- [SUPPLIED MATERIAL]
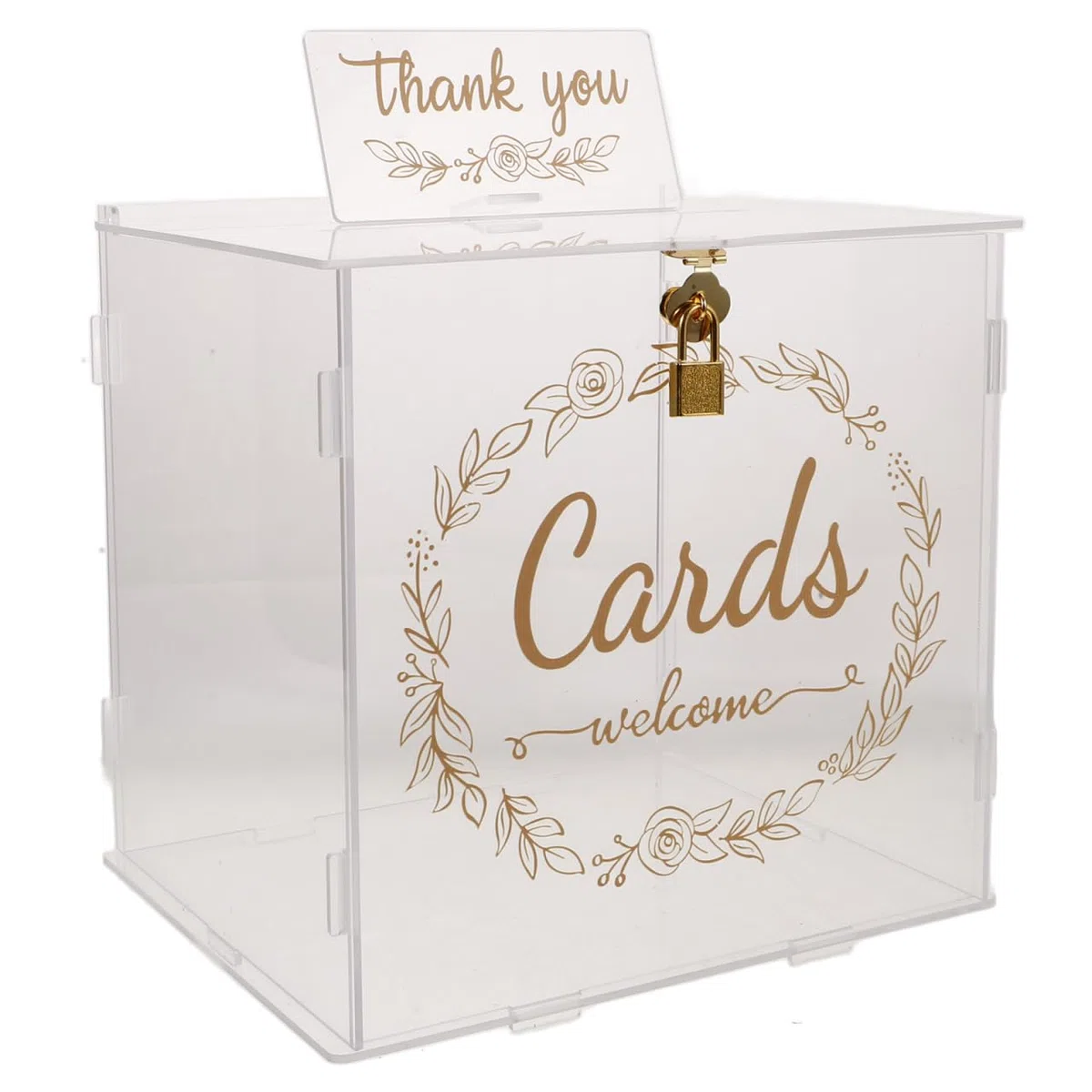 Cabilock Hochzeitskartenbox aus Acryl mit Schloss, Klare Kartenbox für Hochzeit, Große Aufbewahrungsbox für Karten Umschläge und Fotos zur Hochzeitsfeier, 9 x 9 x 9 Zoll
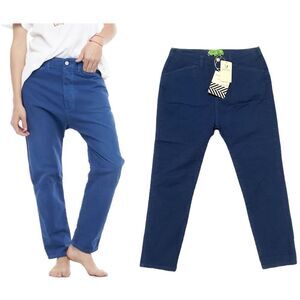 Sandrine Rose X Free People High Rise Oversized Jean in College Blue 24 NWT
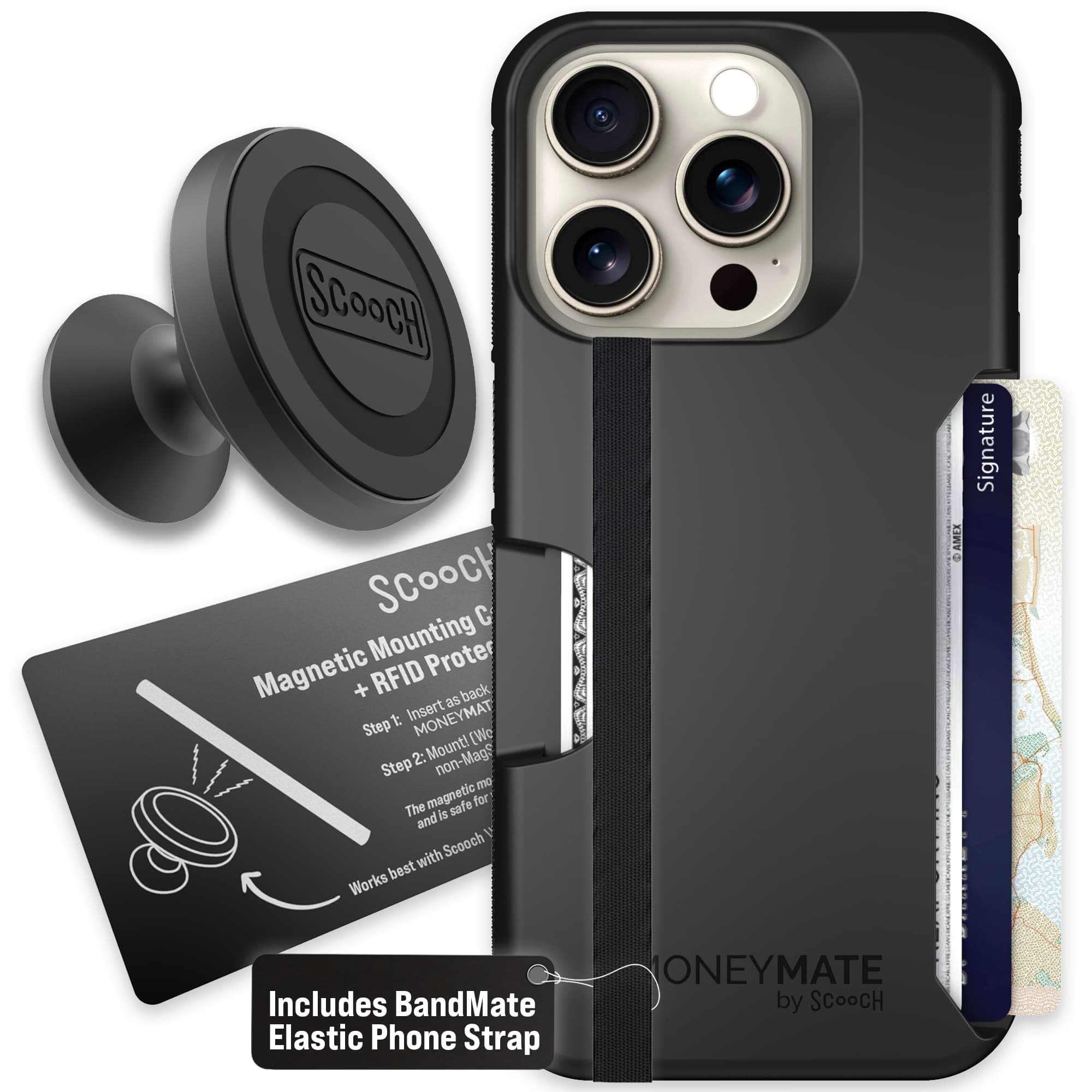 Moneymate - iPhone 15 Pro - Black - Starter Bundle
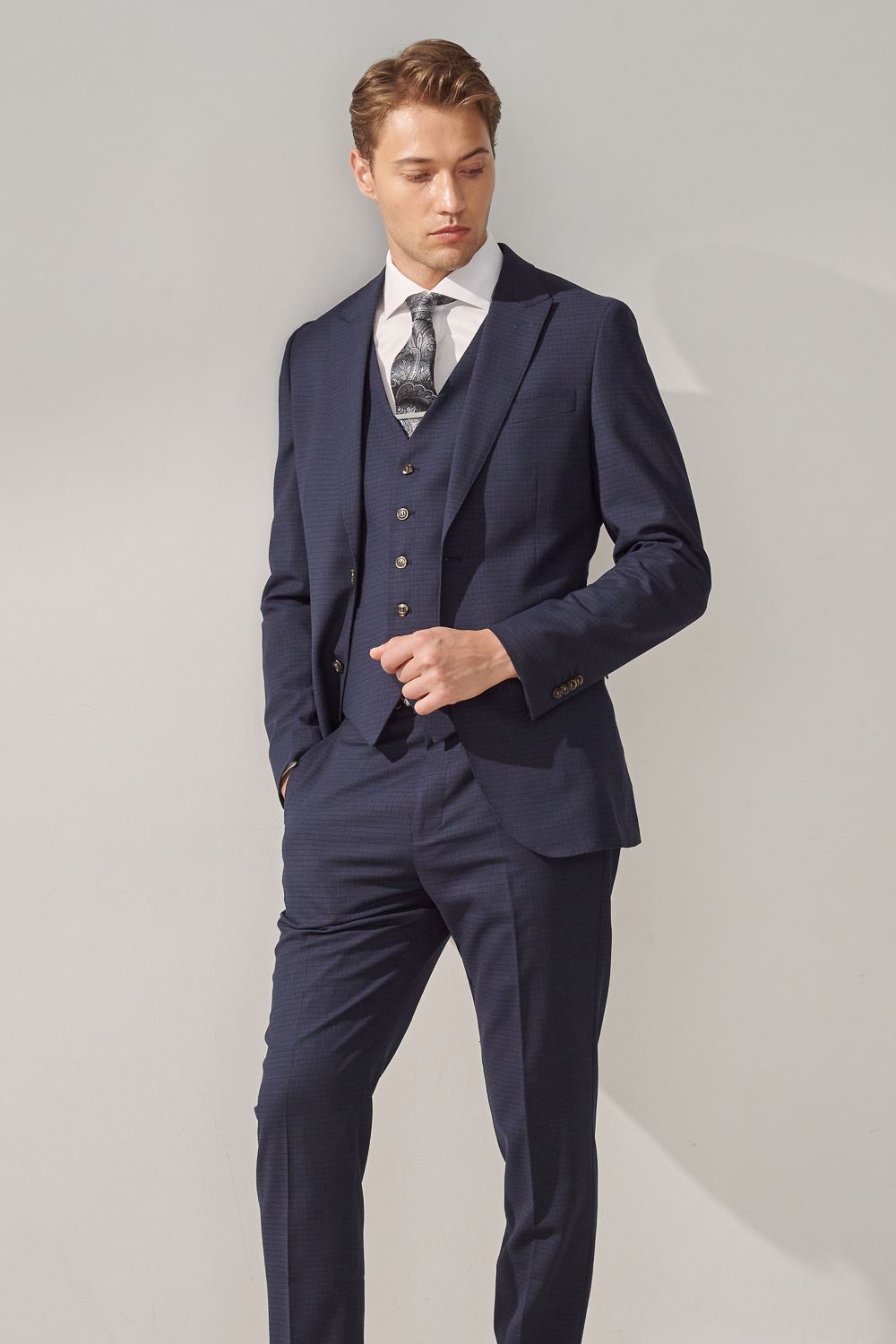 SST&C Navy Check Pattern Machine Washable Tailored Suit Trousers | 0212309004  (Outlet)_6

--

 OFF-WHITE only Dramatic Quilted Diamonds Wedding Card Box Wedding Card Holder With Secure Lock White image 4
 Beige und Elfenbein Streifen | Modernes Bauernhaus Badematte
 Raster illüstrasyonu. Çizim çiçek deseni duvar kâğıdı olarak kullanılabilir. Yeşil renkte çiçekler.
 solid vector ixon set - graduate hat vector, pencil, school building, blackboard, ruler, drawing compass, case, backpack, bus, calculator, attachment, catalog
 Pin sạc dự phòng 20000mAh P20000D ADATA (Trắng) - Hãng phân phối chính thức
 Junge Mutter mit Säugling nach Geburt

- [THE TASK] The reply should consist solely of the lines above from the one that has "Beige und Elfenbein" through the one that has "Junge Mutter mit Säugling nach Geburt", reproduced exactly.

- [RESPONSE]
 Beige und Elfenbein Streifen | Modernes Bauernhaus Badematte
 Raster illüstrasyonu. Çizim çiçek deseni duvar kâğıdı olarak kullanılabilir. Yeşil renkte çiçekler.
 solid vector ixon set - graduate hat vector, pencil, school building, blackboard, ruler, drawing compass, case, backpack, bus, calculator, attachment, catalog
 Pin sạc dự phòng 20000mAh P20000D ADATA (Trắng) - Hãng phân phối chính thức
 Junge Mutter mit Säugling nach Geburt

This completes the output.